My Lords, it is a great pity that these proposed changes have come forward very late in the day. Certainly, for some of those not caught up in regulatory reform, we will have to unpick some of the intricacies of the Local Democracy, Economic Development and Construction Act 2009. Even with the aid of a Keeling schedule, that takes some time. I perhaps go further than the noble Lord, Lord Tyler, and say that, rather than preserve some right to have a further debate on Wednesday, we should be entitled to come back to this at Third Reading if necessary. A lot of new stuff has been introduced. I would certainly like to take the opportunity of reading what the noble Baroness has said on the record so that we can get our minds round all that. It is not absolutely clear in every respect.
As I understand it, in terms of the key provision, Amendment 62 will provide a fast track to the establishment of a combined authority. Amendments 63 and 64 concern the removal of geographical restrictions on EPBs and combined authorities, and Amendment 65 covers changes to existing economic prosperity boards. We see the benefits of being able to move more swiftly perhaps than circumstances hitherto have permitted, but we need to stand alongside that a caution about not abandoning parts of that process which have made a valuable contribution to the judgments that have been made today.
Amendment 62 would provide an override of the existing requirements of Section 109 to undertake a review and prepare and publish a scheme for combined authorities, which I think the noble Baroness confirmed. That would seem to reverse the current process so that the initiative is with the Secretary of State, who still has to make a judgment about whether a change would improve the exercise of statutory functions in the area. We have had introduced—I think for the first time in our consideration of this Bill—administrative law and what that requires in terms of consultation and other matters. I am bound to say that we need a little time to fully understand what all that entails. Even under the amendment,
“the Secretary of State must have regard to”—
perhaps the Minister can expand on that obligation—a Section 109 scheme if one has been published. If not, what is to underpin the Secretary of State’s judgments?
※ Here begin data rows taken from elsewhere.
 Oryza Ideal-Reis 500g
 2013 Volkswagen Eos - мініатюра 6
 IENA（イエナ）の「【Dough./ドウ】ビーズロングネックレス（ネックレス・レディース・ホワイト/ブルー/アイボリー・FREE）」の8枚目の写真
The Minister went through a range of issues in making her presentation. We would certainly like the opportunity to study what is on the record in that respect.
There is the prospect of the Secretary of State consulting persons he considers appropriate, “if any”, and the constituent councils having to agree. But it is unclear what analysis or review the Secretary of State will look to in making that judgment. What is to stop the fast-track approach becoming the norm? Perhaps that is what is intended. Will the Minister confirm whether that is the intention in this regard and that the previous or existing process will now be replaced in total by this fast-track process? Clearly, some further information will come when we get the report of the DPC. We cannot reasonably conclude our deliberations without sight of that report and advice.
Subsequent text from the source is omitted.